### Exercise goal
A verbatim copy of the records is required, with all pictures left out.

*** Provided information ***

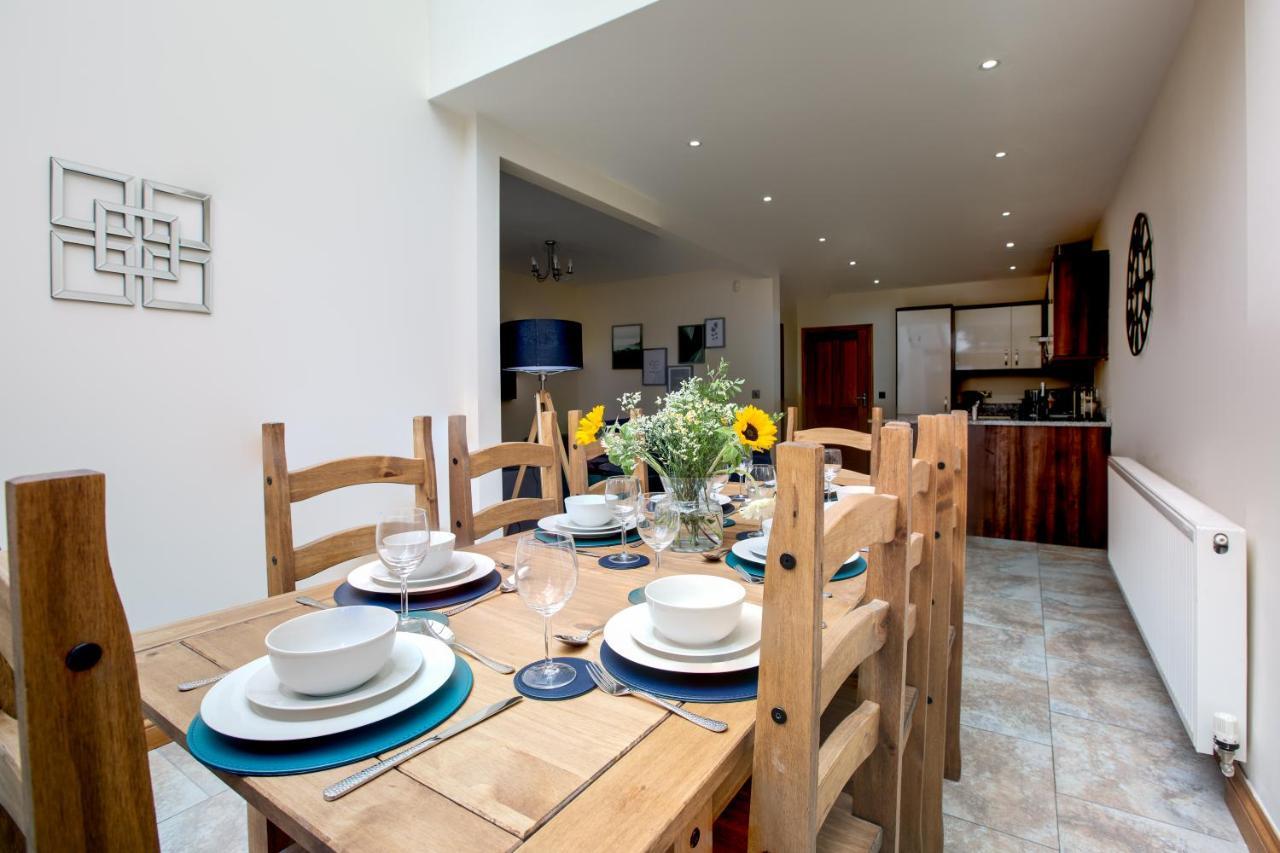 Albert - 5 Bedrooms Sleeps 11 Parking Wi-Fi Contractors Preston  Exterior foto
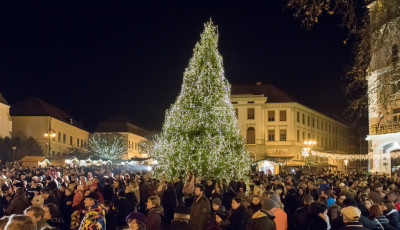 Felgy&uacute;ltak az adventi f&eacute;nyek a v&aacute;rosban - Hangulatk&eacute;pek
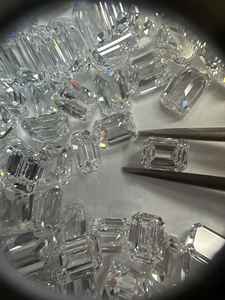 Diamantes sueltos con forma de esmeralda de calidad superior de Venta caliente Diamantes reales fabricados en la India Certificado IGI Buen corte Mantra - Product Image 2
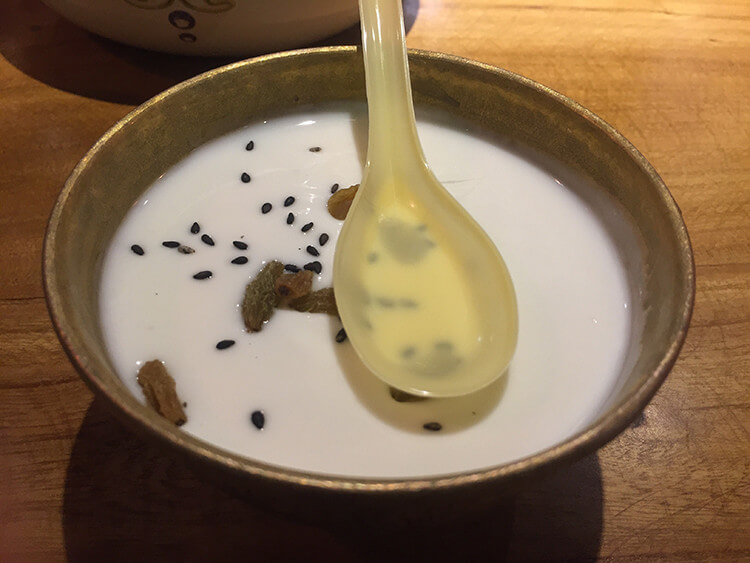 民族风情十足又不缺少时尚气息,新疆菜餐厅里我只能服“疆味”了 民族风情十足又不缺少时尚气息,新疆菜餐厅里我只能服“疆味”了
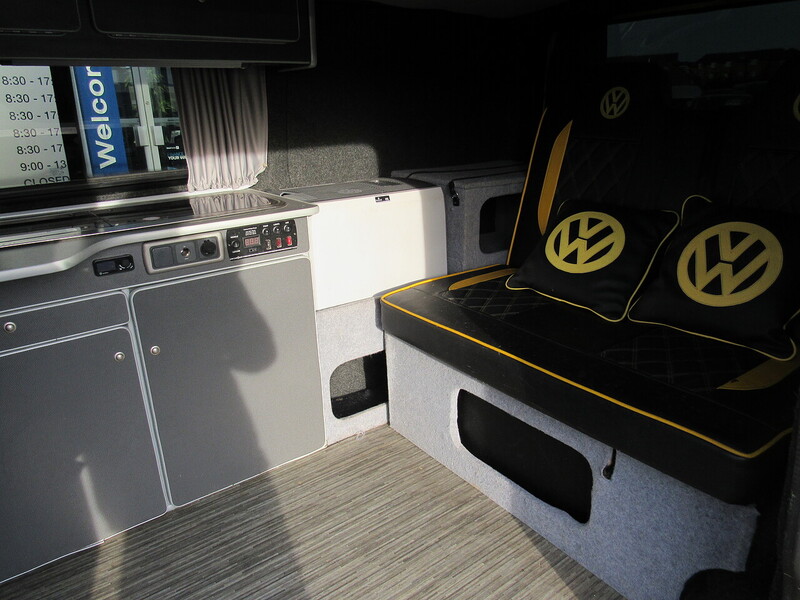 Used Volkswagen Transporter 2015 for sale - 77579558: Photo 3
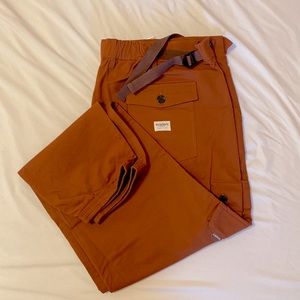 Wondery- Isabel 2.0 Outdoor Pants. Color: Burnt Sienna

*** End of Provided information ***

### Result of this exercise
 Albert - 5 Bedrooms Sleeps 11 Parking Wi-Fi Contractors Preston  Exterior foto
 Felgy&uacute;ltak az adventi f&eacute;nyek a v&aacute;rosban - Hangulatk&eacute;pek
 Diamantes sueltos con forma de esmeralda de calidad superior de Venta caliente Diamantes reales fabricados en la India Certificado IGI Buen corte Mantra - Product Image 2
 民族风情十足又不缺少时尚气息,新疆菜餐厅里我只能服“疆味”了 民族风情十足又不缺少时尚气息,新疆菜餐厅里我只能服“疆味”了
 Used Volkswagen Transporter 2015 for sale - 77579558: Photo 3
 Wondery- Isabel 2.0 Outdoor Pants. Color: Burnt Sienna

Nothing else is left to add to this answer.